В феврале 1921 года инструктор Красной армии Владимир Луговской (3-я Пехотная школа Западного фронта) пишет из Смоленска своей Тамаре: «…великое слияние со смертью и природой нужно почувствовать, что ты и мастодонт, бешено ревущий миллионы лет тому назад, одно и то же проявление радостной могучей жизни, но жизни, которая сменяется и мешает меньшей жизни, обособившейся от неё, залезшей в скорлупу своего “я”, где ей тепло и тесно. А если по чьей-то скорлупе и ударит судьба железным кулаком, то как больно делается этому жалкому “я” и каким холодным кажется мир, когда оно вылепляется из осколков этой скорлупы. А Великая жизнь несётся, гремит, кидает миры, носит кометы».

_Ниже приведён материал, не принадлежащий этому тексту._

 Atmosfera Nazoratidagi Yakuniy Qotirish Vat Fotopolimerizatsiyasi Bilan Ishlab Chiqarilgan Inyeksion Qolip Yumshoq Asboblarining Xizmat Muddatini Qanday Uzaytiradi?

Он желает растворить своё «я» внутри «Великой жизни», чтобы вместе с ней «греметь» и «нестись».
Действительность располагает к таким стремлениям.
Любимой Тамаре отчитывается в том же году из Смоленска: «Завтра опять беготня и казармы, казармы, военкомы, клубы; может быть, только вечером зайду в Университетскую библиотеку и почитаю».
Иногда в письмах Тамаре, посреди прозы, вдруг появляются две строки: «Буду затвором щёлкать / И думать, милая, о тебе».
В 1922 году Луговской возвращается в Москву и поступает на службу в Кремль: гренадерского роста красавцы актуальны во все времена. Он служит в Управлении внутренними делами Кремля и в Военной школе ВЦИКа. Становится свидетелем последнего приезда Ленина в Кремль.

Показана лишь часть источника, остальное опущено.